Generally speaking, option -1 to -4 provides almost the same results, and their compressed sizes are almost the same as gzip.
I think that the option -3 or -4 with 4 cores has the most effective.

Offline DrSuperGood

  • Dev Team
  • Devotee
  • *
  • Posts: 2791
  • Languages: EN
Re: Server performance: preliminary findings
« Reply #34 on: January 17, 2020, 09:57:37 PM »
I pick ZSTD -3, Time too short leads to issues regarding memory.
Issues regarding memory? Please elaborate.
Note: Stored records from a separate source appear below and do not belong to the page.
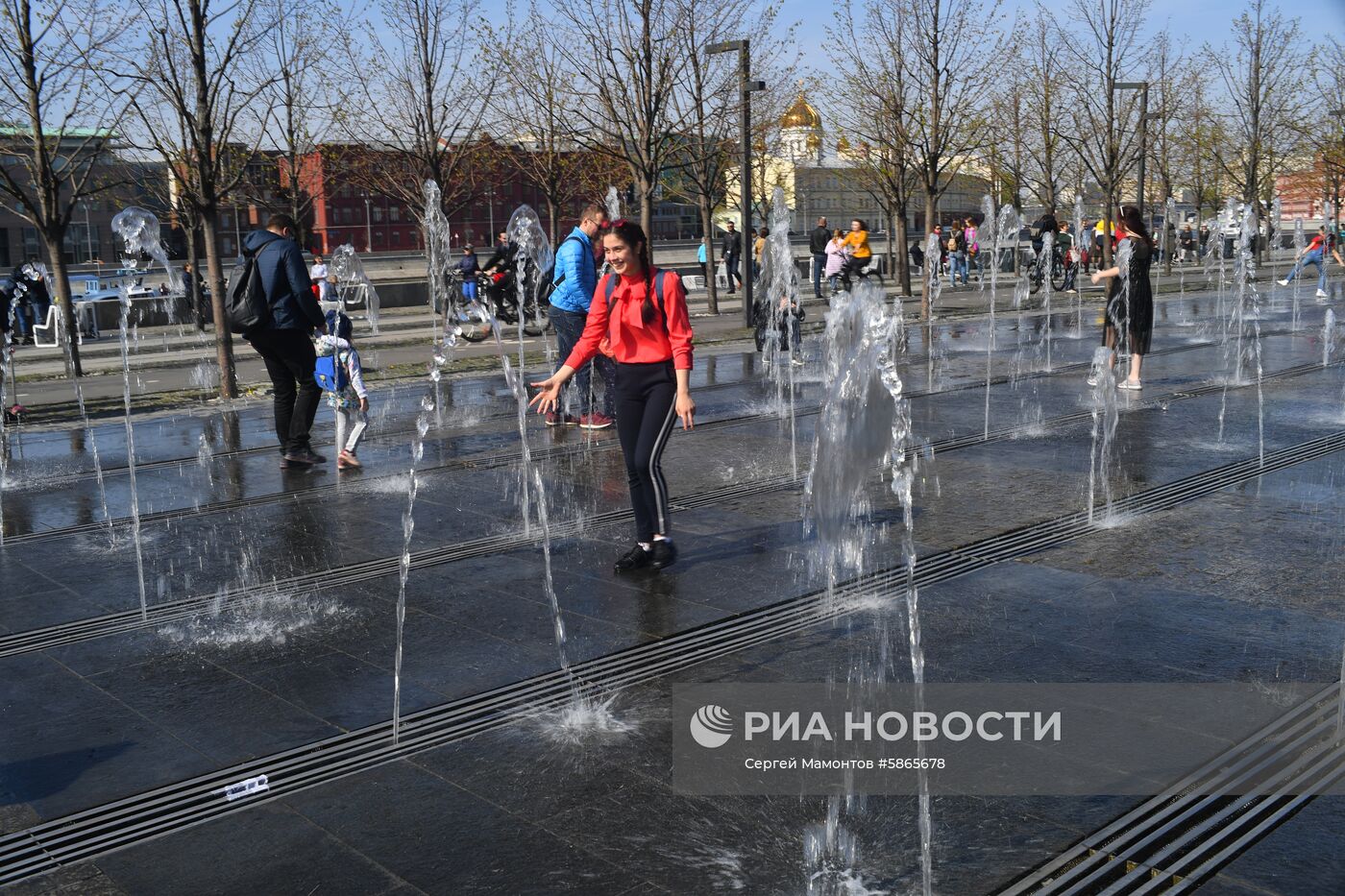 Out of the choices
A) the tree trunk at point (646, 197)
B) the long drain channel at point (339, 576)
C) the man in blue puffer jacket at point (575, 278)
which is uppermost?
the tree trunk at point (646, 197)

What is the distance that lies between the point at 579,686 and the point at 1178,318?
20.3 meters

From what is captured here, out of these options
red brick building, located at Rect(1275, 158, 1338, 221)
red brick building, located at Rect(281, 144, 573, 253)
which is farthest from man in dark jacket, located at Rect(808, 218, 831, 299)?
red brick building, located at Rect(281, 144, 573, 253)

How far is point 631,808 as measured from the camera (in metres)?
4.05

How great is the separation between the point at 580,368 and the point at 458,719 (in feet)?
16.3

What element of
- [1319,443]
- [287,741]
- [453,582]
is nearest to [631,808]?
[287,741]

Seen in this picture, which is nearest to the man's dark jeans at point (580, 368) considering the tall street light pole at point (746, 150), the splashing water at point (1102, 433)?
the splashing water at point (1102, 433)

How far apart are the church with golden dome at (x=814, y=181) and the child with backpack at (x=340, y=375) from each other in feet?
80.7

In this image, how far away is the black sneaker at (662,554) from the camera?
690 cm

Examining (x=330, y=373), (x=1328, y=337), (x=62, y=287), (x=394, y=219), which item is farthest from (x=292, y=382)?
(x=394, y=219)

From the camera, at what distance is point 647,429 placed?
672 centimetres

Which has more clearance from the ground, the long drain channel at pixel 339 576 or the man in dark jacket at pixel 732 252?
the man in dark jacket at pixel 732 252

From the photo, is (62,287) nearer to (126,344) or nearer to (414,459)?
(126,344)

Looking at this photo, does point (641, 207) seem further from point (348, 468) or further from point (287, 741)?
point (287, 741)

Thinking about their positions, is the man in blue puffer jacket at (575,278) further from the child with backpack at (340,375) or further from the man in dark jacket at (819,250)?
the man in dark jacket at (819,250) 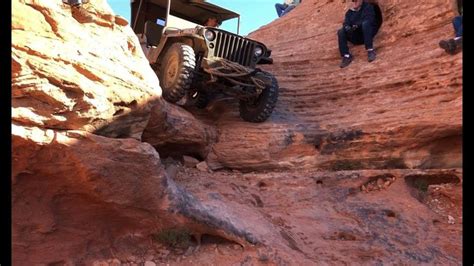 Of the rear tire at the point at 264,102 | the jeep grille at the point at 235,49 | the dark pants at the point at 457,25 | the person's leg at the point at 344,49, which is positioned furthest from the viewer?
the person's leg at the point at 344,49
So while Zlib delivers 11 MB/s Snappy gives 413 MB/s, but size is 1.5-2 as big. However, even 19MB/s is more than 100 Mbit/s and faster than most clients can recieve over longer distances. (This is a 32bit built with -O3 and no assertions though!)
Too bad that at the moment the entire save must complete first before the server starts to transfer to clients. If it started transferring the instant data started to be compressed this topic would likely have not been started lol.